|Number 190||January 31, 2003|
There is so much to say about the attack on Iraq that it is difficult to refrain these days from becoming a single-issue newsletter. However, I think it’s important to remember, in the midst of the war fever, that it’s all connected, and that there is a “big plan” to consolidate wealth and power. The attack on Iraq is part of it, and the attack on the Popular Government here at home is another part of it. There is an incredible amount of positive organizing against the war going on (as evidenced by, among other things, the increasing attacks on that effort in the media.) This week’s Anti-War Resource of the Week highlights some good news that you can work on in your own community.
The more general good news about the elite power grab now underway is that it seems to be so extreme that it may be opening up the minds of some normally-complacent people to the idea that they might have to “get political” in order to preserve or strengthen the freedoms and rights that we all value. As Joni Mitchell sang so many years ago, “Don’t it always seem to go that you don’t know what you got ‘til it’s gone?”
I’m outta room. Gotta go. Until next week,
This week’s “Quote” is from the Star Tribune (Newspaper of the Twin Cities!) of January 29th, in an article reporting on a series of hearings by the House Health and Human Services Finance Committee on “doing more with less.” These hearings were intended to get from the public their “ideas for saving money.” Health and Human Services is the part of state government that primarily serves the needs of poor and sick Minnesotans. Elizabeth Kuoppala, policy advocate for the Minnesota Coalition for the Homeless, called the process a “sham.” Here’s what she said about the “do more with less” hearings:
A LITTLE ENCOURAGEMENT: 57 cities in the United States of America have now passed resolutions against a war on Iraq. While some say that this sort of resolution is no business of city government, I consider it a perfectly appropriate way for citizens to express their views in a formal and democratic way.
A group of progressive organizations calling itself the Cities For Peace Campaign is helping to push this effort forward. Read about it—including the inspiring list of cities, universities, and labor groups who have gone on record against the war!—on the CFP website at http://www.citiesforpeace.org/.
My own city council member has introduced a resolution in Minneapolis, and explains the reasoning pretty well in some comments found on page B2 of the January 30th Star Tribune (Newspaper of the Twin Cities!) Find that story at http://www.startribune.com/stories/462/3622216.html).

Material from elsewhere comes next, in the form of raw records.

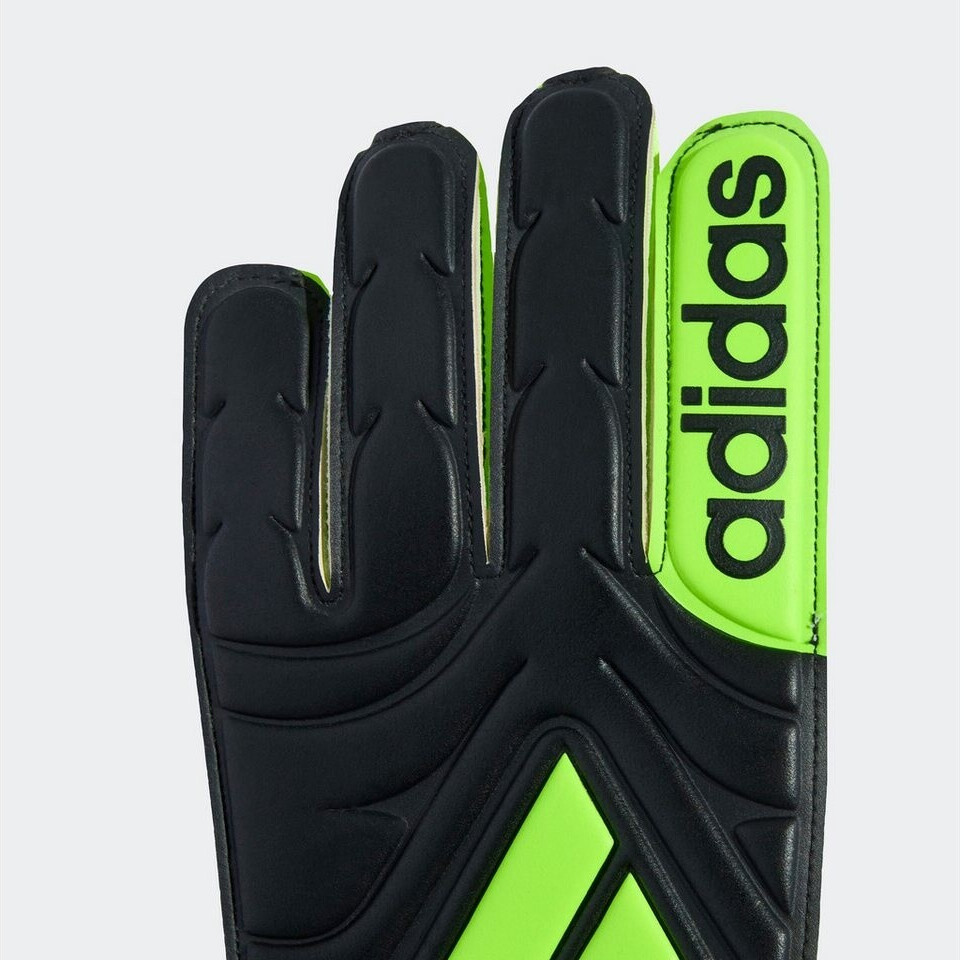 Guantes portero
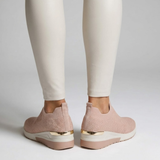 Georgia - Confortable Women's Shoes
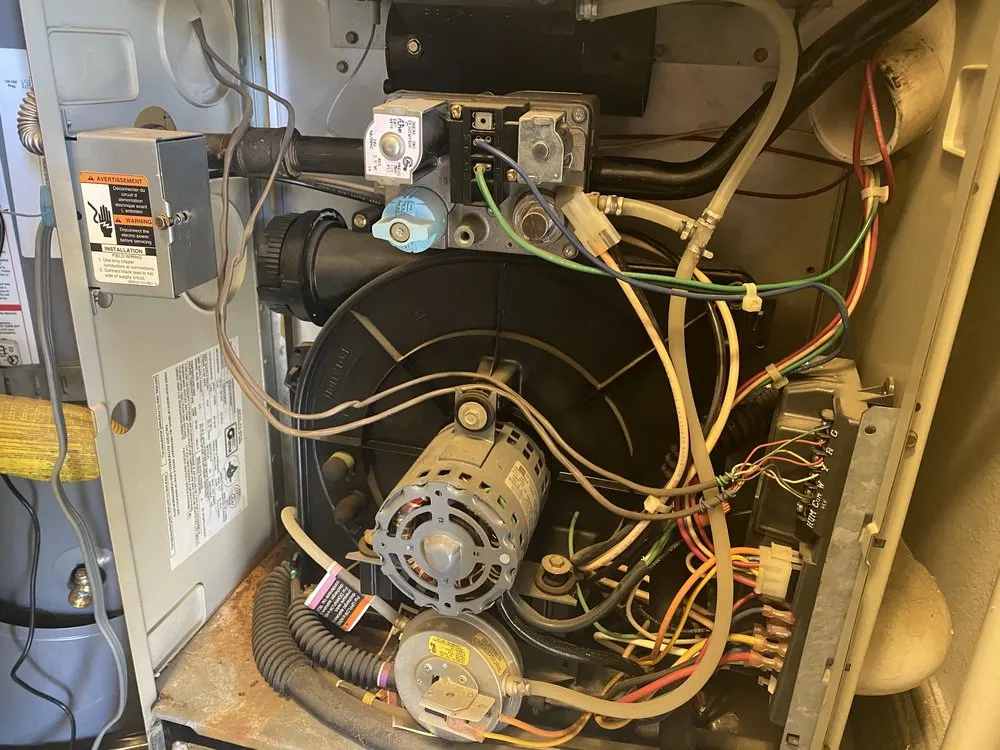 Top-rated emergency plumbing experts serving Murrieta, CA - Liberty Plumbing, Heating & Air Conditioning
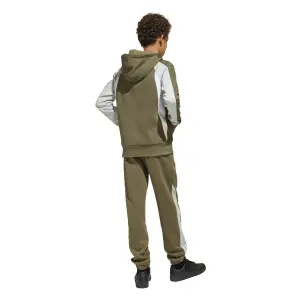 Pantalón de chándal para niño adidas Essentials Colorblock image-4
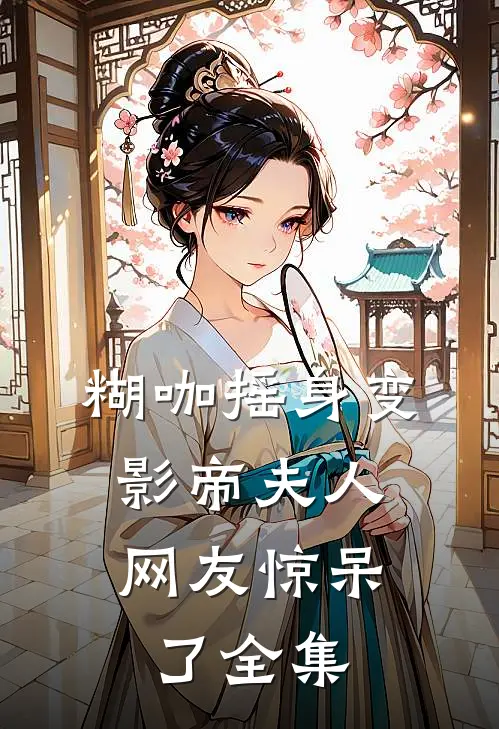 糊咖摇身变影帝夫人，网友惊呆了全集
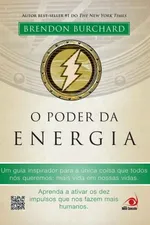 Cover of O Poder da Energia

Wealthy and powerful people would normally support policies that increase both their wealth and their power. However, if forced to choose, the intelligent elite will give up some wealth if that’s necessary in order to retain power. Why? Because every elite knows that, if you have power, you can always get wealth. But if you don’t have power, then your wealth could be taken from you. That’s why true majority rule in an unequal society is always a threat to those at the top.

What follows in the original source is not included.